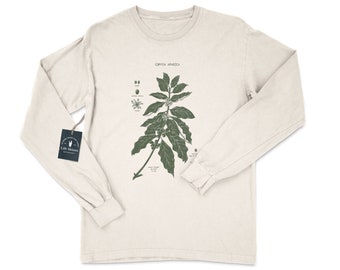 Coffee Plant Diagram Long Sleeve, Screen Printed Coffee Long Sleeve Shirt, Coffea Arabica Shirt, Coffee Botany Art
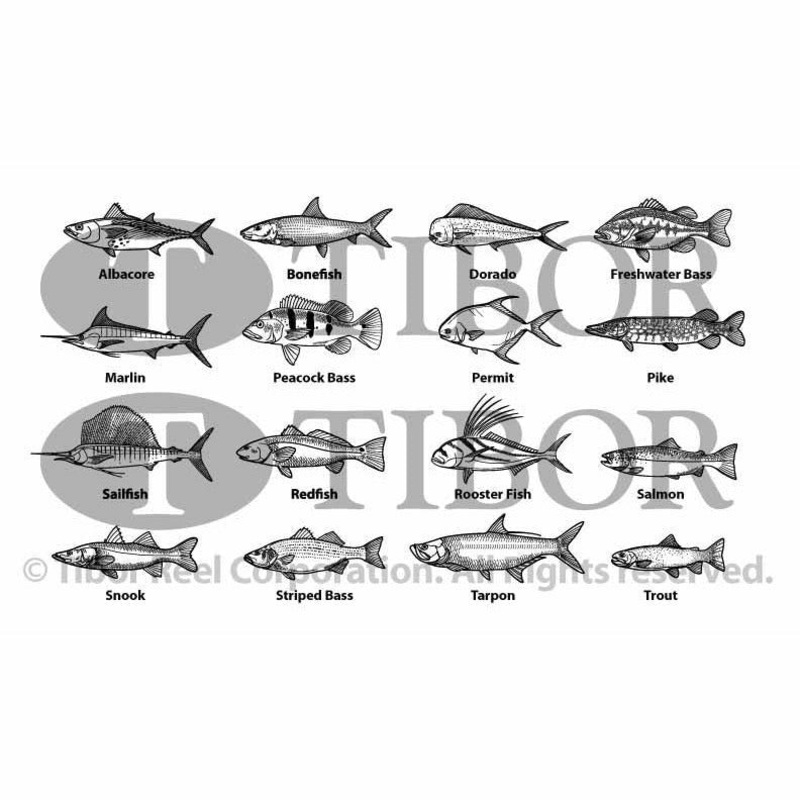 Tibor Fish Engraving|Single Fish Engraving|Two Fish Engraving|Grand Slam|Custom Text
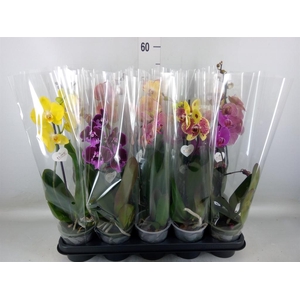 Phalaenopsis   ...mix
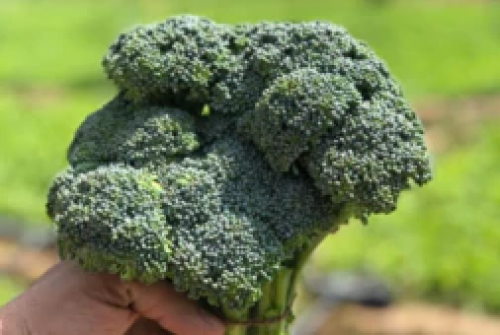 Organic Broccoli - بروكلي عضوي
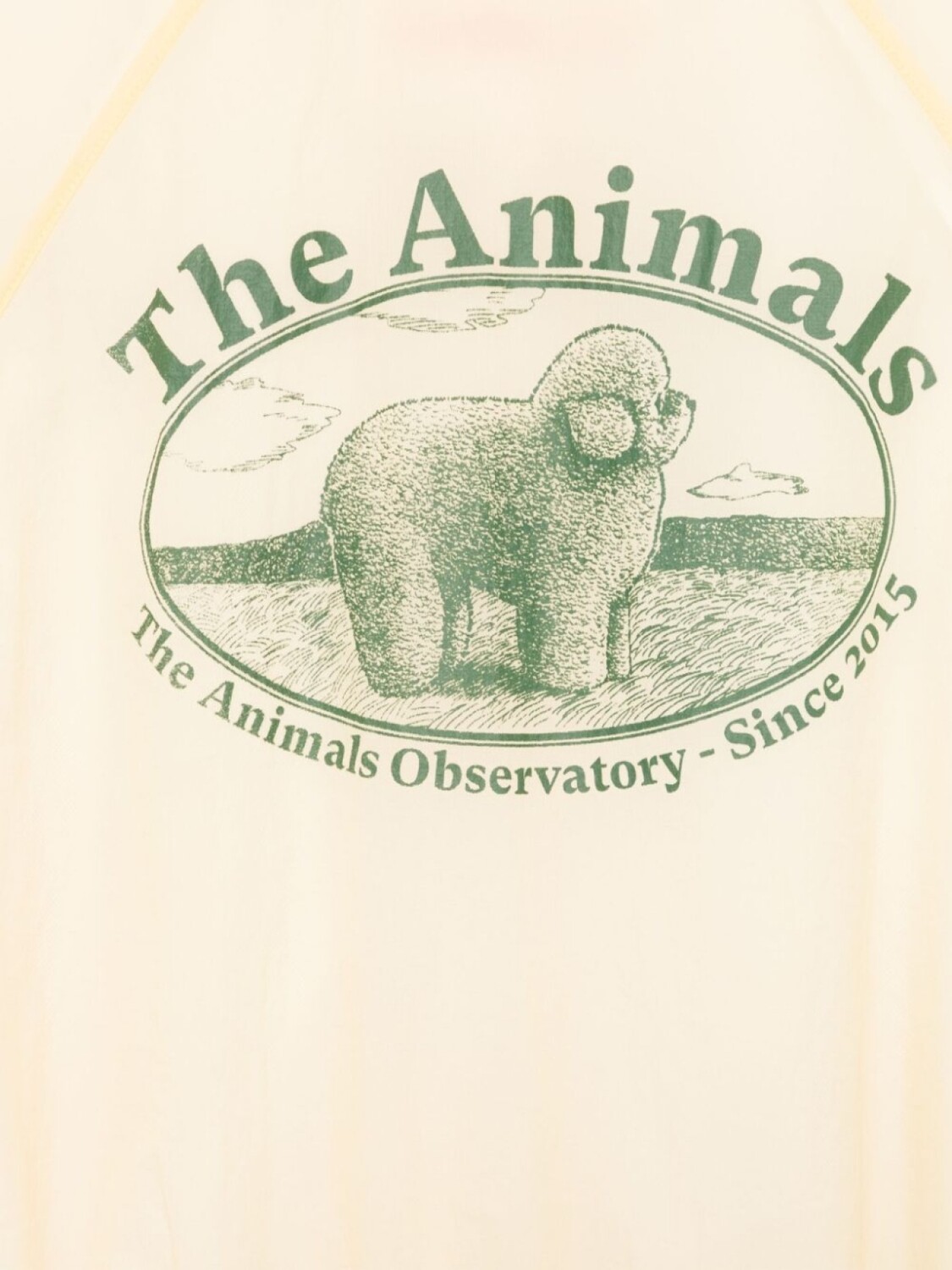 The Animals Observatory ветровка с капюшоном, нейтральный цвет — фото 3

####################

**Work order:** The entries above are to be copied exactly, with every picture left out.

**Answer for the task:**
 Coffee Plant Diagram Long Sleeve, Screen Printed Coffee Long Sleeve Shirt, Coffea Arabica Shirt, Coffee Botany Art
 Tibor Fish Engraving|Single Fish Engraving|Two Fish Engraving|Grand Slam|Custom Text
 Phalaenopsis   ...mix
 Organic Broccoli - بروكلي عضوي
 The Animals Observatory ветровка с капюшоном, нейтральный цвет — фото 3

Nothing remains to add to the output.